• [Data records]:
════════════════
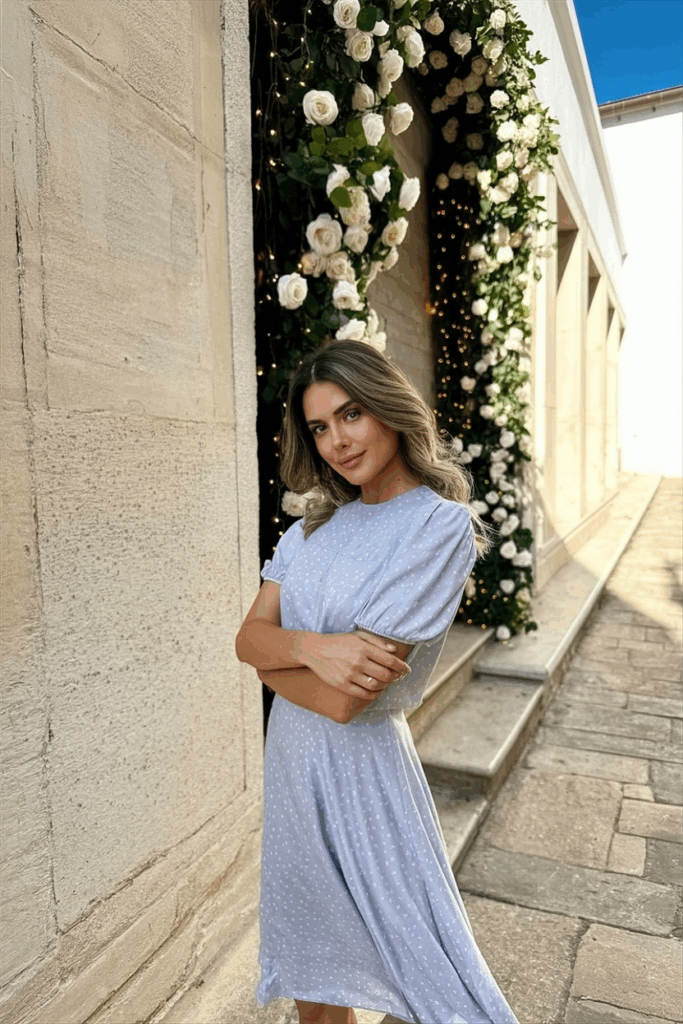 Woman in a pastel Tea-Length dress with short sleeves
════════════════
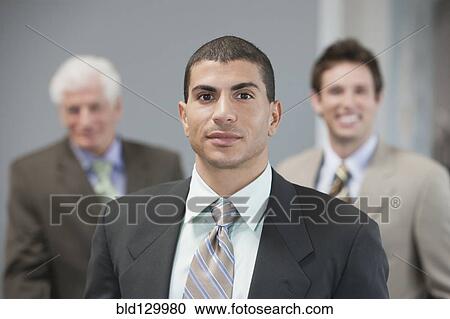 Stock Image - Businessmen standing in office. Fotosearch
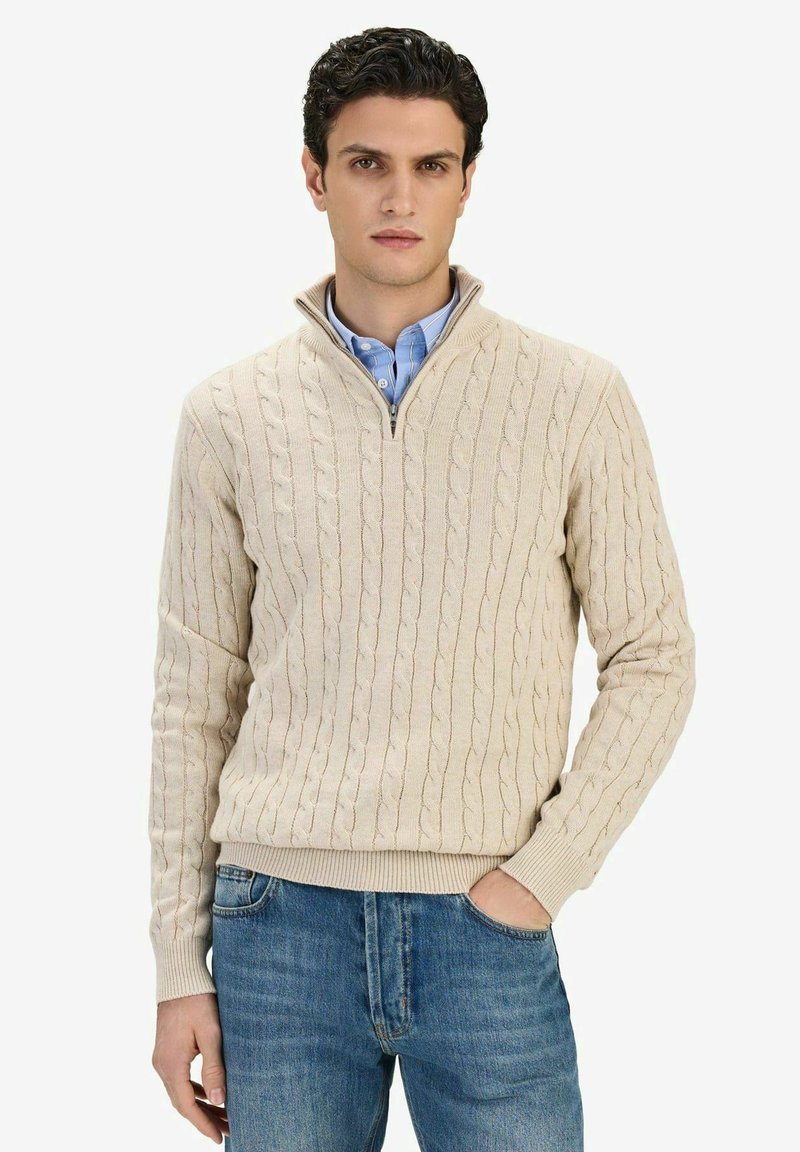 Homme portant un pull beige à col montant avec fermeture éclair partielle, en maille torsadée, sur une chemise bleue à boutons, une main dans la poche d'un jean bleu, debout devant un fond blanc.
════════════════
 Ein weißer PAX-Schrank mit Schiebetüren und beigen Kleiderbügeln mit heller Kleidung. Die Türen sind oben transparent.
════════════════
Give again the stretch of lines above from the one with "Stock Image - Businessmen" through the one with "Homme portant un", both ends kept, and copy no pictures.

• [Response box]:
 Stock Image - Businessmen standing in office. Fotosearch
 Homme portant un pull beige à col montant avec fermeture éclair partielle, en maille torsadée, sur une chemise bleue à boutons, une main dans la poche d'un jean bleu, debout devant un fond blanc.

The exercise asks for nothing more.